This is the essence of the seller-doer model – balancing billable hours with business development. The term “seller-doer” is derived from the order of the process – you must first sell the work before you can actually do the work. Some companies refer to professionals in this role as doer-sellers to signify that they spend more time doing than selling (which is often the case), although seller-doer is more commonly used.

The seller-doer model has always been part of the architecture, engineering, construction, and environmental industries. AEC firms of all shapes and sizes utilize technical professionals in myriad roles to support their firm’s business development efforts. Sometimes they act as the only business developers, and other times they work in tandem with dedicated business developers (often from non-technical backgrounds).

See Is the Seller-Doer Model Right for Your Firm?

The AEC Legacy of Bad Business Practices

Unfortunately, the AEC industry is notorious for embracing bad business practices that would be scorned in other industries. We love to promote people into roles for which they have little-to-no qualifications, training, or experience.

For example, take a successful engineer who is promoted to the role of project manager or department manager. What training do they have to manage people? Do they understand company standards, employment policies, and HR laws? Are they well-versed in financial management – a critical component of project management?

In many firms, the answer is a resounding “No!” So this successful engineer who excelled at designing structural or mechanical systems is suddenly tasked with running projects or departments, even though they have not been trained to do these tasks. This approach may (and that’s a big “may”) succeed in a single-discipline environment, but what if they are suddenly managing teams or departments with multiple-disciplines?

Or how about the successful project manager (or department manager) who is promoted into the role of operations manager but with no training for that position? How will they learn to analyze and improve processes, determine hiring needs, recruit, staff projects and pursuits, improve efficiencies, eliminate bottlenecks, create policies, etc.? This is a far different role than managing a project team.

There’s a phrase for this insanity, and it is called the Peter Principle. Simply stated, the Peter Principle posits that “people in a hierarchy tend to rise to their level of incompetence,” like a successful engineer who fails at being a project manager. (Of course, this being the AEC industry, sometimes they get promoted into executive roles!)

Of course, the promoted professionals can succeed in these roles, but they need the proper training and onboarding for their new positions.

Now think about the seller-doer model, which is often a success/failure hybrid – requiring a competent, successful technical professional to spend part of their time doing something for which they have a minimal knowledge base – business development. In the span of a week or even a day, they can succeed in one role and exemplify the Peter Principle in another.

And yet this is a common, everyday practice in the AEC industry.

In fairness, business development is a somewhat tricky profession. It’s not like universities are offering bachelor’s degrees in BD. Successful business developers come from very diverse backgrounds. Sure, a marketing degree may offer sales components, but it is far broader and typically includes advertising, digital marketing, communications, public relations, management, business logistics, entrepreneurship, and statistics.

Dedicated business developers in the AEC industry get here from many different routes.
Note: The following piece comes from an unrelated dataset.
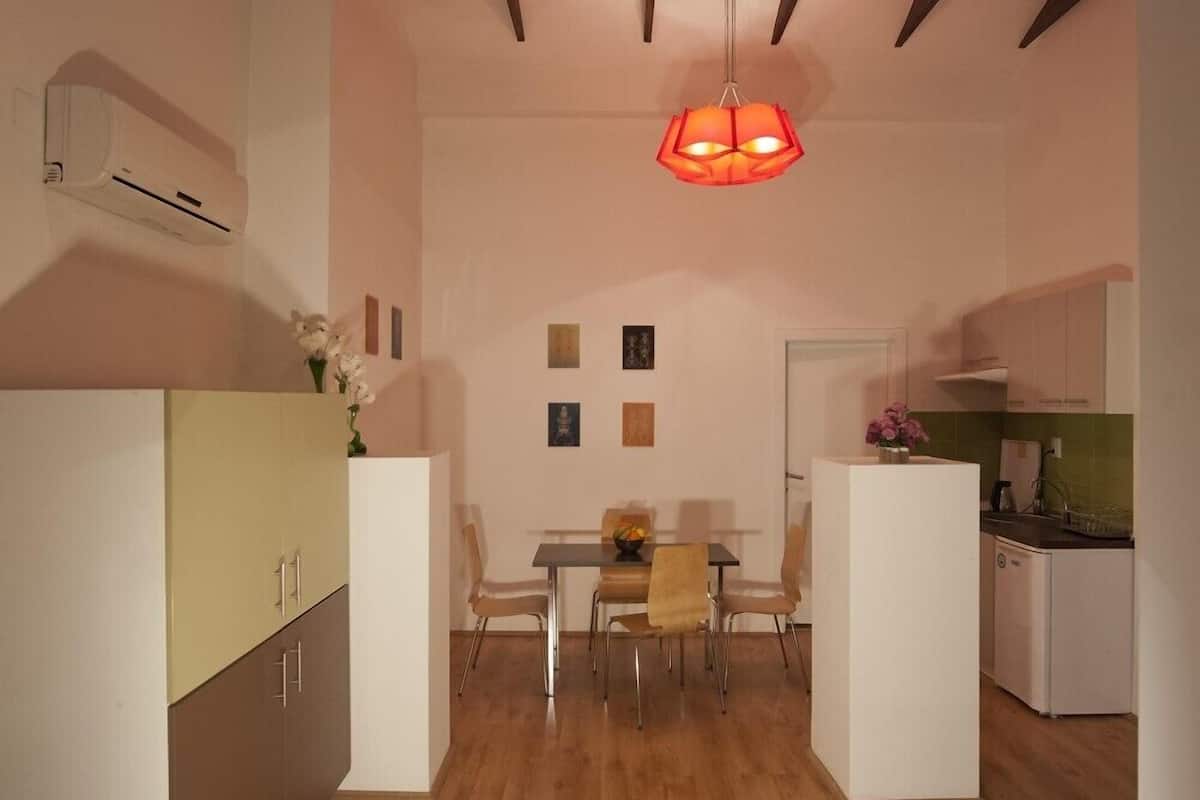 Double Room | Private kitchen | Coffee/tea maker, fridge, microwave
Some have degrees in marketing or communications. Others have totally unrelated educational training but found their way into this industry and BD. Others cut their teeth on the technical side and found that they liked business development.
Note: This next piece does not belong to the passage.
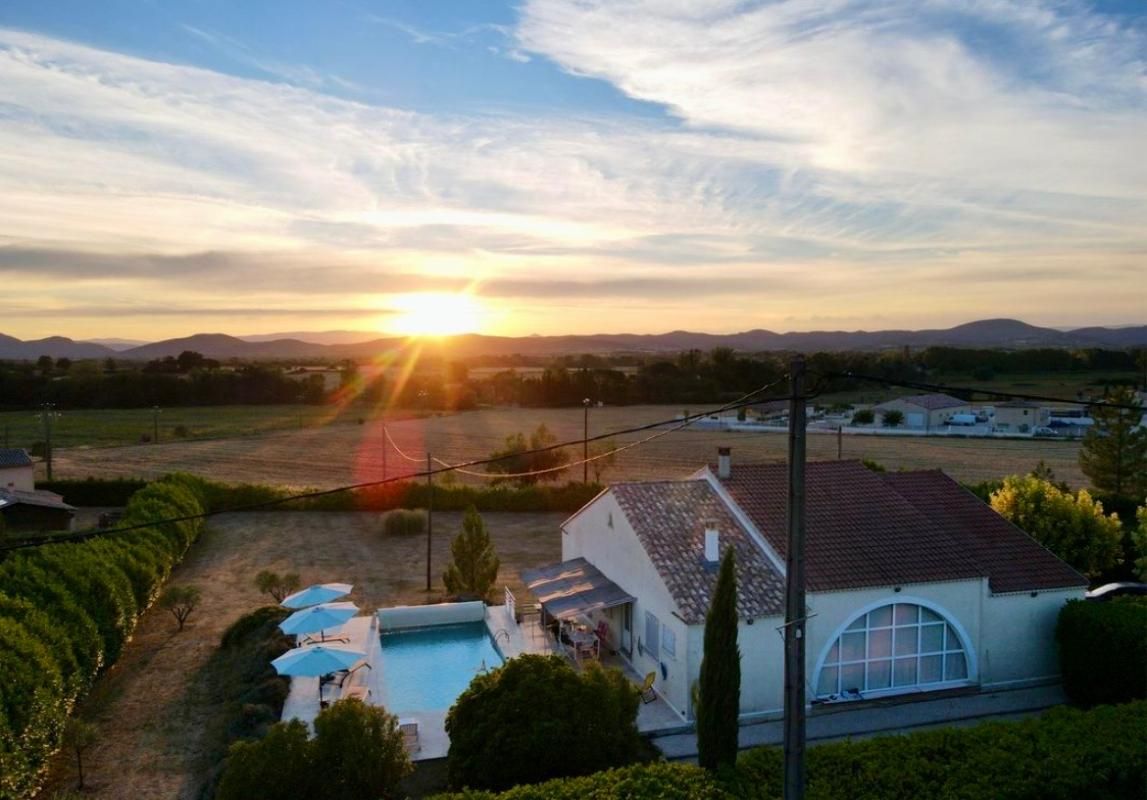 Maison de charme à Barjac - grand terrain, piscine et vue magique sur les Cévennes !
I know successful business developers with degrees in English and Zoology! I also have industry friends who found their way into business development after their “first” career on the technical side – the estimator-turned-business-developer and the structural-engineer-turned-project-manager-turned-business-developer.

The point is that someone’s background does not dictate whether or not they will succeed in business development.
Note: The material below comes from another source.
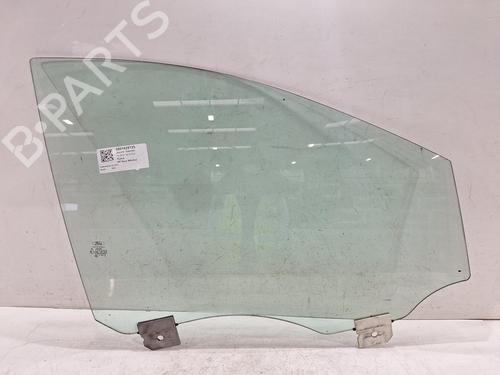 dr-rude-hjre-foran-ford-kuga-ii-dm2-2012-32239467 main image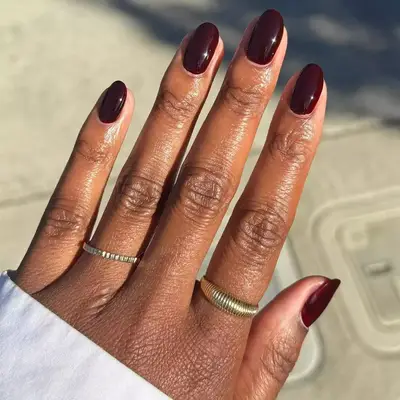 burgundy short nails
Furthermore, just because someone has a technical background and extensive industry knowledge doesn’t mean that they will be effective in business development.

Thus the seller-doer paradox. Clients and prospective clients want to interact with people who understand their industry and can engage in technical discussions from the very first meeting. And while seller-doers have the knowledge and experience to engage in this dialogue, they rarely have the training needed to set-up and lead these conversations.

Training for Seller-Doers

So what training do seller-doers need?

The answer depends upon the amount of training that they have already received. If your firm is in the majority of AEC firms, your seller-doers have received no business development training. In fact, research from the Society for Marketing Professional Services (SMPS) found that two-thirds of firms don’t provide this type of training.

And that’s just crazy! How can your seller-doers expect to succeed – how can your firm have any expectation of success – if they are not given training in business development?

But which training is necessary? How do you prioritize topics? The SMPS research found that the top five most requested topics include:

  • Getting more from client organizations
  • Creating client capture plans
  • Managing time
  • Conducting research
  • Improving networking skills

New research from SMPS revealed that the most important business development and marketing technique right now is networking, but within the next three years, networking will drop to number two and be replaced by client experience.

So networking is absolutely a critical skill for seller-doers to master, but so is the client experience. And because seller-doers are often on the front line of client relationships, they are the ideal people to drive client experience. But what, exactly, is it?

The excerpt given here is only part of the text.